PLEASANTON, Calif., April 8, 2013 /PRNewswire/ -- Blackhawk Network Holdings, Inc., a majority-owned subsidiary of Safeway Inc. (NYSE: SWY), today announced that it is filing an amended registration statement with the Securities and Exchange Commission in connection with an initial public offering, or IPO, of 10,000,000 shares of Blackhawk's Class A common stock (with an additional 1,500,000 shares subject to the underwriters' option to purchase additional shares) at an estimated offering price of $20 to $22 per share.  The IPO will consist solely of shares to be offered by existing stockholders, including Safeway Inc.

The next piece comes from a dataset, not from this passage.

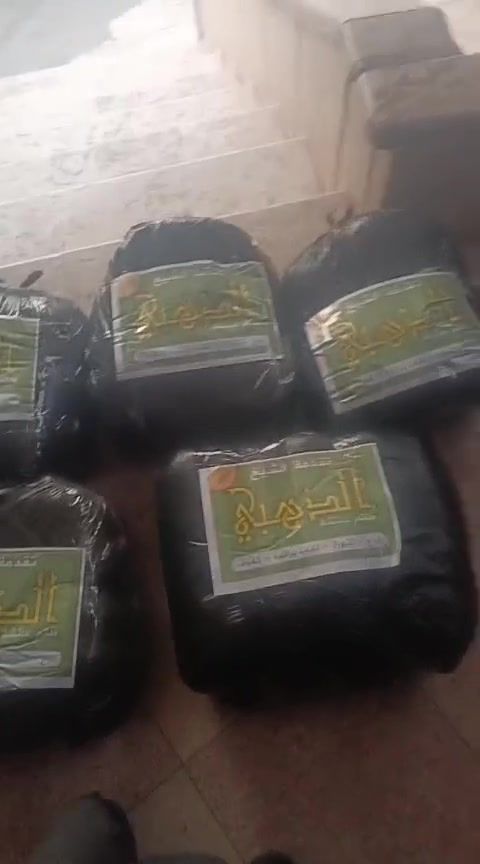 استمرار حملة الحجاب الشرعي في حماة وريفها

Goldman, Sachs & Co., BofA Merrill Lynch, Citigroup and Deutsche Bank Securities will serve as joint-bookrunning managers, with   Goldman, Sachs & Co. serving as the global coordinator for the proposed offering.  Barclays, BMO Capital Markets, Credit Suisse, Piper Jaffray, Raymond James and Wells Fargo Securities will serve as co-managers for the proposed offering.  The offering will be made only by means of a prospectus. 

A copy of the preliminary prospectus may be obtained from Goldman, Sachs & Co., Attention: Prospectus Department, 200 West Street, New York, NY 10282, by telephone at: (866) 471-2526, or by email to: prospectus-ny@ny.email.gs.com; BofA Merrill Lynch, Attention: Prospectus Department, 222 Broadway, New York, NY 10038, by email to: dg.prospectus_requests@baml.com; Citigroup, c/o Broadridge Financial Solutions, 1155 Long Island Avenue, Edgewood, NY  11717, by telephone at: (800) 831-9146 ; Deutsche Bank Securities Inc., Attention: Prospectus Group, 60 Wall Street, New York, NY 10005, by telephone at: (800) 503-4611, or by email to: prospectus.cpdg@db.com.

A registration statement relating to these securities has been filed with the Securities and Exchange Commission but has not yet become effective.  These securities may not be sold, nor may offers to buy be accepted, prior to the time the registration statement becomes effective.  This press release shall not constitute an offer to sell or a solicitation of an offer to buy any securities, nor shall there be any sale of these securities in any jurisdiction in which such offer, solicitation or sale would be unlawful prior to registration or qualification under the securities laws of such jurisdiction.